Find "Elena Sparrow. Foto" in the material below, then write out that line and every line after it exactly, ending with the last one; skip the pictures.

════════════════════

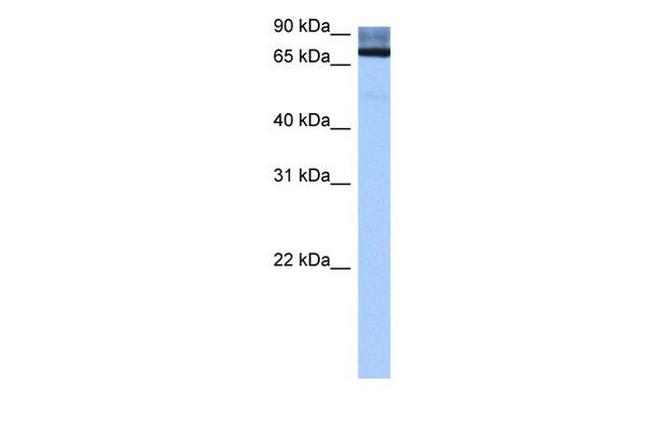 ADAD2 Antibody in Western Blot (WB)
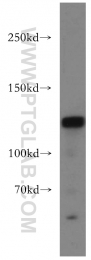 20954-1-AP - DNMT3A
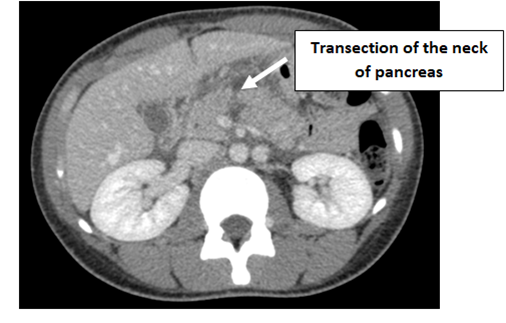 Figure 1: CT Abdomen (Porto venous phase), showing transection at the neck of the pancreas (white arrow).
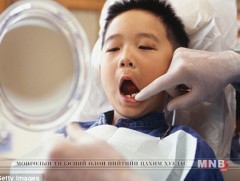 Шүдний цоорол хоол хүнсний буруу хэрэглээнээс үүдэлтэй  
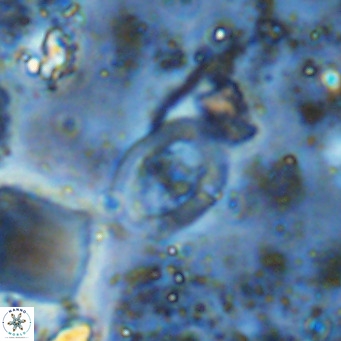 Gorkaea operio VR 15954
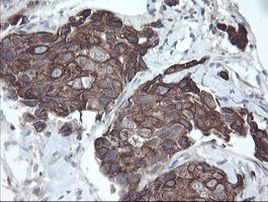 DPH2 Antibody in Immunohistochemistry (Paraffin) (IHC (P))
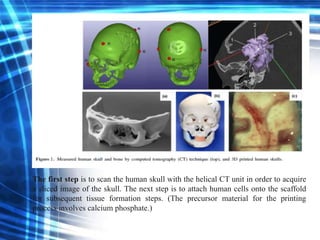 The first step is to scan the human skull with the helical CT unit in order to acquire
a sliced image of the skull. The next step is to attach human cells onto the scaffold
for subsequent tissue formation steps. (The precursor material for the printing
process involves calcium phosphate.)
 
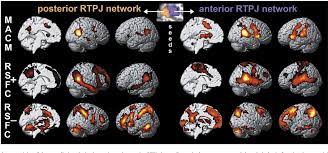 (2) tms has disrupted rtpj, but there were numerous brain regions and complex neural pathways involved in the process of moral judgment, thus reducing the degree of disruption from rtpj. Pdf Characterization Of The Temporo Parietal Junction By Combining Data Driven Parcellation Complementary Connectivity Analyses And Functional Decoding Semantic Scholar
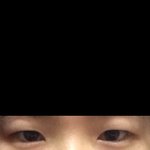 <b>쌍수</b> 앞트임 후기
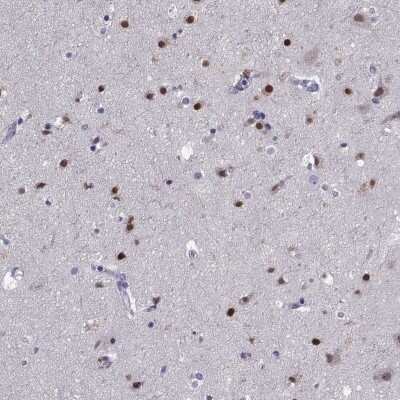 Immunohistochemistry-Paraffin: TBR1 Antibody [NBP2-62729] - Staining of human cerebral cortex shows high expression.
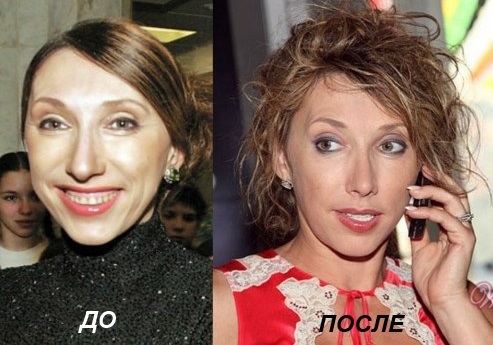 Elena Sparrow. Foto sebelum dan selepas pembedahan plastik, biografi, tinggi badan, berat badan, usia, pembedahan untuk membetulkan penampilan artis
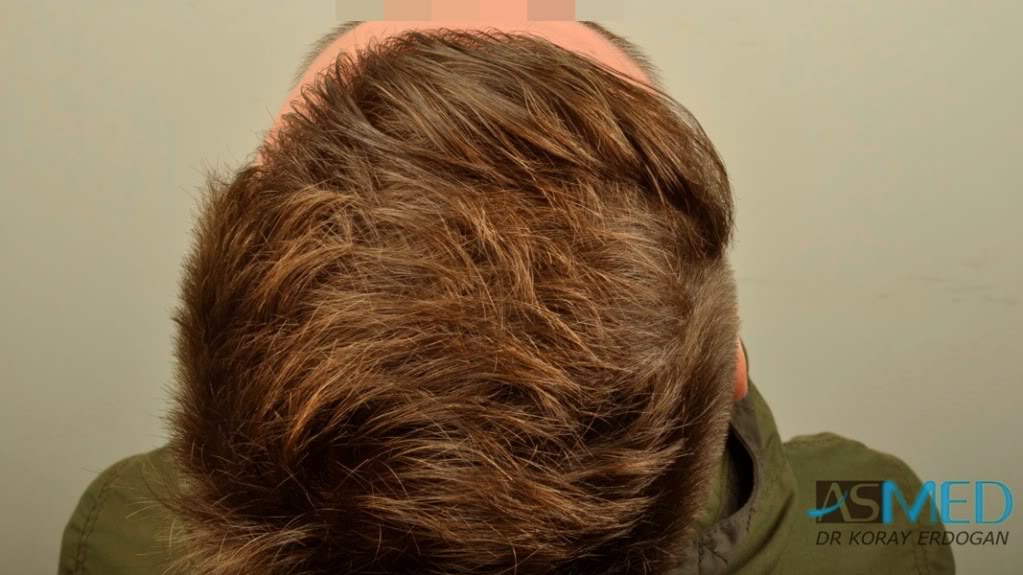 Before and After  graft    transplant at 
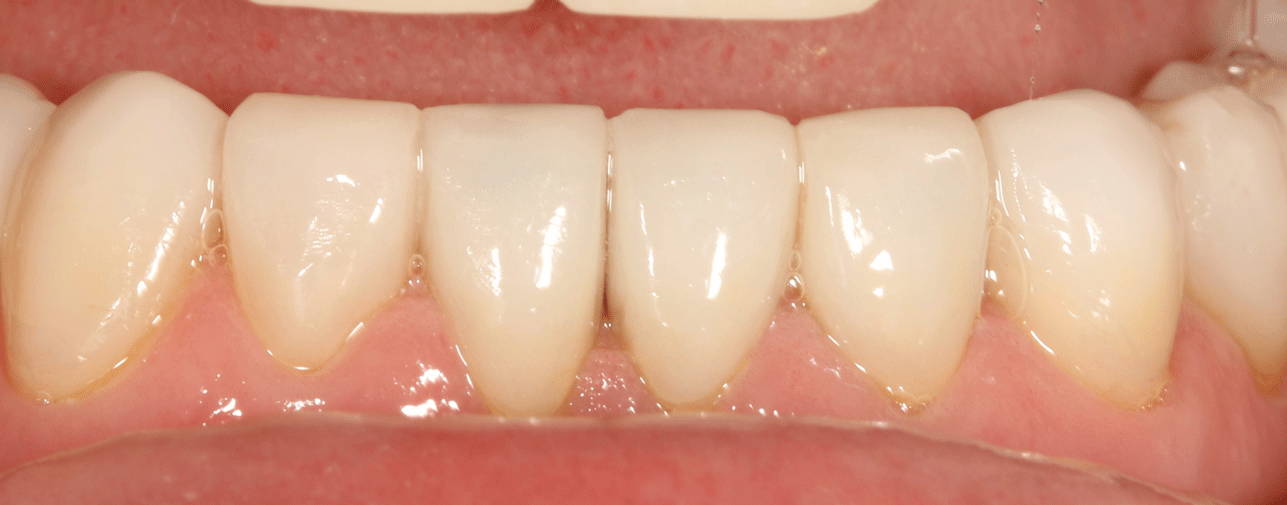 Teeth after being filled with core material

════════════════════

◆ TASK ANSWER ◆
 Elena Sparrow. Foto sebelum dan selepas pembedahan plastik, biografi, tinggi badan, berat badan, usia, pembedahan untuk membetulkan penampilan artis
 Before and After  graft    transplant at 
 Teeth after being filled with core material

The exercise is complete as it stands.